“Dang me,” he said that evening to his cronies in the tap of the White Lion at Bristol, “if I feel so sure about this here Reform! We want none of that nasty neck-cutting here! And if I thought Froggy was right I’m blest if I wouldn’t turn Tory!”

And for certain the Frenchman voiced what a large section of the timid and the well-to-do were thinking. For something like a hundred and fifty years a small class, the nobility and the greater gentry, turning to advantage the growing defects in the representation—the rotten boroughs and the close corporations—had ruled the country through the House of Commons. Was it to be expected that the basis of power could be shifted in a moment? Or that all these boroughs and corporations, in which the governing class were so deeply interested, could be swept away without a convulsion; without opening the floodgates of change, and admitting forces which no man could measure? Or, on the other side, was it likely that, these defects once seen and the appetite of the middle class for power once whetted, their claims could be refused without a struggle from which the boldest must flinch? No man could say for certain, and hence these fears in the air. The very winds carried them. They were being discussed in that month of April not only on the White Lion coach, not on the Bath road only, but on a hundred coaches, and a hundred roads over the length and breadth of England. Wherever the sway of Macadam and Telford extended, wherever the gigs of “riders” met, or farmers’ carts stayed to parley, at fair and market, sessions and church, men shook their heads or raised their voices in high debate; and the word Reform rolled down the wind!

Vaughan soon overcame his qualms; for his opinions were fixed.
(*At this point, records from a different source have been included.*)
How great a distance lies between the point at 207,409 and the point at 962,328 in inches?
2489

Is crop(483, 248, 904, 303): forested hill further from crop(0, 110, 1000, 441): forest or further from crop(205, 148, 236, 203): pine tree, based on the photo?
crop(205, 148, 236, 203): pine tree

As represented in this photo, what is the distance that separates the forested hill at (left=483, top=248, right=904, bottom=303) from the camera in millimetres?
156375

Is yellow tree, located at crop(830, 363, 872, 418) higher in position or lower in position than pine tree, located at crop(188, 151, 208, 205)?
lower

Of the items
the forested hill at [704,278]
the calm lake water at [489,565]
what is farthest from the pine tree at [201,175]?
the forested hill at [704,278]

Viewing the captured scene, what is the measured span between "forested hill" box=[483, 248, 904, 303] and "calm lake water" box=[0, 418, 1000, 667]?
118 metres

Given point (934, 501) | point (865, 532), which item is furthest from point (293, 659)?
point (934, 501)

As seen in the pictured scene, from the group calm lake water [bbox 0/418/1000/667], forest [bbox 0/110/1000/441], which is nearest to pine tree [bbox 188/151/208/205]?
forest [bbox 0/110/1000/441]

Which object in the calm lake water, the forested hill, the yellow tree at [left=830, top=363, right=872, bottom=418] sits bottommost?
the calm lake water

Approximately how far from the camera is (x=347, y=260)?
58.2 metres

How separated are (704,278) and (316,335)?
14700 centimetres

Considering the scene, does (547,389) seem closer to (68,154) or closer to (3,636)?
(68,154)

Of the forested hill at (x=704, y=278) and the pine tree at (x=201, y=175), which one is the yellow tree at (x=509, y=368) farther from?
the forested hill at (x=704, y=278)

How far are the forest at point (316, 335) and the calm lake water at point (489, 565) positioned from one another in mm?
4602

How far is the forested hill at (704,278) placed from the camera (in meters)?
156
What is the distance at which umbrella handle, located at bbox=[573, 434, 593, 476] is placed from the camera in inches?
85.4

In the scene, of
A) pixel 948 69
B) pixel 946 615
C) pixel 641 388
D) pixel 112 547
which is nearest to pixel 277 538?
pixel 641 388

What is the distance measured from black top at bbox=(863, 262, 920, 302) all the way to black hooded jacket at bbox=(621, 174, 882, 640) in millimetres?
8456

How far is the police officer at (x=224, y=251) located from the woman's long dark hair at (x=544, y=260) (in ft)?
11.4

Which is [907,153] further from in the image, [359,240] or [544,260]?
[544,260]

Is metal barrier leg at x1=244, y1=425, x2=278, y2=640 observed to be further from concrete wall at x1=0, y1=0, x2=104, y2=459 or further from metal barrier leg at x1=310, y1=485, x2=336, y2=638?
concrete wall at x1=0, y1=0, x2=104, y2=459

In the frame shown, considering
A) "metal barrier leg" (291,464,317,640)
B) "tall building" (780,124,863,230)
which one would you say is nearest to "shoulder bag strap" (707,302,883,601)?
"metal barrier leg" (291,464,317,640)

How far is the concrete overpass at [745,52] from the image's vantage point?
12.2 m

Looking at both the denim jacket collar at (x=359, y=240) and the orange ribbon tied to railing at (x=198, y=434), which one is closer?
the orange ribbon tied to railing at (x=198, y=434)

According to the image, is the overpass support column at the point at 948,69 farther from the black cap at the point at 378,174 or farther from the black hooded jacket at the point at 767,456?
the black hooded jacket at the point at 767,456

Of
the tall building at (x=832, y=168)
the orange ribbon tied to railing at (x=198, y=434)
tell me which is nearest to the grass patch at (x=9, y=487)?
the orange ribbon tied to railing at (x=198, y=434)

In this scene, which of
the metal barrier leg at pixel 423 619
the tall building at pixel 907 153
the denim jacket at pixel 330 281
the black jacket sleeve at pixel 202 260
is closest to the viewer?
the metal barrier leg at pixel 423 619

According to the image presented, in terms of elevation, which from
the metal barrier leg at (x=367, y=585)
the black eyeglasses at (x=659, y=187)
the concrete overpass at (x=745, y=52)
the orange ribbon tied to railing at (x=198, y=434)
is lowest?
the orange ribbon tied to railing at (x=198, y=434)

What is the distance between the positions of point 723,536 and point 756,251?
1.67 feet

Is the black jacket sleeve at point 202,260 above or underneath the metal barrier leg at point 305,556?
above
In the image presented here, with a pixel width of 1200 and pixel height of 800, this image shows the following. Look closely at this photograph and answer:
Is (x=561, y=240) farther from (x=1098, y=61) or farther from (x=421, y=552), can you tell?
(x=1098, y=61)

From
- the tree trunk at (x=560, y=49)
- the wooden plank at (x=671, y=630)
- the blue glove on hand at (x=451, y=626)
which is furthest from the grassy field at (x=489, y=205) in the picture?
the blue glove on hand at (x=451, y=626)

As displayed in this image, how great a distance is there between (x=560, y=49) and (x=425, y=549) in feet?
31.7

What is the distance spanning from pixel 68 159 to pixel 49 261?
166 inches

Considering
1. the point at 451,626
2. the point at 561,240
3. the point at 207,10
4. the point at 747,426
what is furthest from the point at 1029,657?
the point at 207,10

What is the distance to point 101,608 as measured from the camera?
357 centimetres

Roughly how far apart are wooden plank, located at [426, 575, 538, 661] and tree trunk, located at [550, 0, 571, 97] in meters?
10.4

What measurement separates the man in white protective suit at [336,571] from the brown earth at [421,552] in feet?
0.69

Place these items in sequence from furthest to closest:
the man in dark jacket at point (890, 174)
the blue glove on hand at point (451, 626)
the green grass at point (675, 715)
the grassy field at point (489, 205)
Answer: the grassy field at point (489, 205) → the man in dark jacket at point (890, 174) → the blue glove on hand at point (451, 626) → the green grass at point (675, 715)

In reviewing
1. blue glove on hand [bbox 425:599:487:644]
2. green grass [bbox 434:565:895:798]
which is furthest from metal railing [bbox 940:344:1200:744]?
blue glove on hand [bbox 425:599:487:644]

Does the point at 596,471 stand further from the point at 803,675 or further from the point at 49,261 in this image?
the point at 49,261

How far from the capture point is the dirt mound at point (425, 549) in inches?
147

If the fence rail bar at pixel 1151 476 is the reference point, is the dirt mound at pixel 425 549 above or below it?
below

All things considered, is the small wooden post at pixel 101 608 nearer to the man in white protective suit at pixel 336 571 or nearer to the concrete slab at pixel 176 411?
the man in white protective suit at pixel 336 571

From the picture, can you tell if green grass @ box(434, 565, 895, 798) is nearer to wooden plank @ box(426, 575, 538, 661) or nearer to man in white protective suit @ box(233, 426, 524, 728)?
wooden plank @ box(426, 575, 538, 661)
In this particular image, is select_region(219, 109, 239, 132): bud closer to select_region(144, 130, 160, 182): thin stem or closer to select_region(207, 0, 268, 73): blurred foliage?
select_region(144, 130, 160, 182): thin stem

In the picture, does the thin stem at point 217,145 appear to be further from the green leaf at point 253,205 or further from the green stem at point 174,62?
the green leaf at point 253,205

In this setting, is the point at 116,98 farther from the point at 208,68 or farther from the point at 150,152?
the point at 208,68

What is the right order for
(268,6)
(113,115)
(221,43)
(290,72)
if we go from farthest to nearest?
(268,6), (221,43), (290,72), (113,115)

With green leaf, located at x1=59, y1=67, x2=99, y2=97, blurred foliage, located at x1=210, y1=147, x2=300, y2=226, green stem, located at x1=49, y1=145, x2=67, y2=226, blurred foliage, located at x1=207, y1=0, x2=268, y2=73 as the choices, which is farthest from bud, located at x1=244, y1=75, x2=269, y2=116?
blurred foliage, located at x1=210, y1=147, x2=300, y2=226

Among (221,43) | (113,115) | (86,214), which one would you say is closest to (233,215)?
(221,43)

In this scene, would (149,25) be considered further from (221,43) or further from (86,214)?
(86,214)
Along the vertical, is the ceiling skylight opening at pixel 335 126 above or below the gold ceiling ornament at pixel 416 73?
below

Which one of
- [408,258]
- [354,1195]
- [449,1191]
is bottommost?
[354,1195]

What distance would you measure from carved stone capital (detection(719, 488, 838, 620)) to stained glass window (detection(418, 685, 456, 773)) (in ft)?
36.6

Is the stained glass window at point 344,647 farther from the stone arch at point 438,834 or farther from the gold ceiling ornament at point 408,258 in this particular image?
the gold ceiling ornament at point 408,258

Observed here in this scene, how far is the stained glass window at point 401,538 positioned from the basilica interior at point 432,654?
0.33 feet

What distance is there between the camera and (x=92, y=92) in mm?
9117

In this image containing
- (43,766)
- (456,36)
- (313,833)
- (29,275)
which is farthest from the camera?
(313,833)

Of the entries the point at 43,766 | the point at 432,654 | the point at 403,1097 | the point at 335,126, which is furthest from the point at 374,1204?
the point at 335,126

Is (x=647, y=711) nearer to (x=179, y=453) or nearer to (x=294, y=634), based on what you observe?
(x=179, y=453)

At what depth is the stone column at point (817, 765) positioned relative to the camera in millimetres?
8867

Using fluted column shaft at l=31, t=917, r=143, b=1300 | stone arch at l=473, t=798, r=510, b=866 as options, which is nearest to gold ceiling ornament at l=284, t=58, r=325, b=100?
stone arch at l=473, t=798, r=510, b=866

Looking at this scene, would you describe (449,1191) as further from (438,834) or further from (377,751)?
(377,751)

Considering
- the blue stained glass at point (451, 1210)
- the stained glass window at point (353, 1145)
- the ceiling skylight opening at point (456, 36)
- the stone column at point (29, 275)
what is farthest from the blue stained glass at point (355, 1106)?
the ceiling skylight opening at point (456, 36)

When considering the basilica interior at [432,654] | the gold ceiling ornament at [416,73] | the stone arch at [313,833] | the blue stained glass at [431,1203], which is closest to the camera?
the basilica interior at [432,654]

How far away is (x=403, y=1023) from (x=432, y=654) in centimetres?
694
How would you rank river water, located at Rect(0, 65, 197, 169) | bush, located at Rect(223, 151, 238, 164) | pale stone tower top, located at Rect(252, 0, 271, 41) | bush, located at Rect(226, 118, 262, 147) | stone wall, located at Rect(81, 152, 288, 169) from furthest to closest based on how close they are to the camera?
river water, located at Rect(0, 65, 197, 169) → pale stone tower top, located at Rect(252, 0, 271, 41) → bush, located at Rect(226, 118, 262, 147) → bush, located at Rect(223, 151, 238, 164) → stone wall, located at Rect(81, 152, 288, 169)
But he thought that the subject might serve him with his neighbour, and he addressed her.

“You must not let them alarm you,” he said. “We are still a long way, I fancy, from guillotines or barricades.”

“I hope so,” she answered. “In any case I am not afraid.”

“Why, if I may ask?”

She glanced at him with a gleam of humour in her eyes. “Little shrubs feel little wind,” she murmured.

“But also little sun, I fear,” he replied.

“That does not follow,” she said, without raising her eyes again. “Though it is true that I—I am so seldom free in a morning that a journey such as this, with the sunshine, is like heaven to me.”

“The morning is a delightful time,” he said.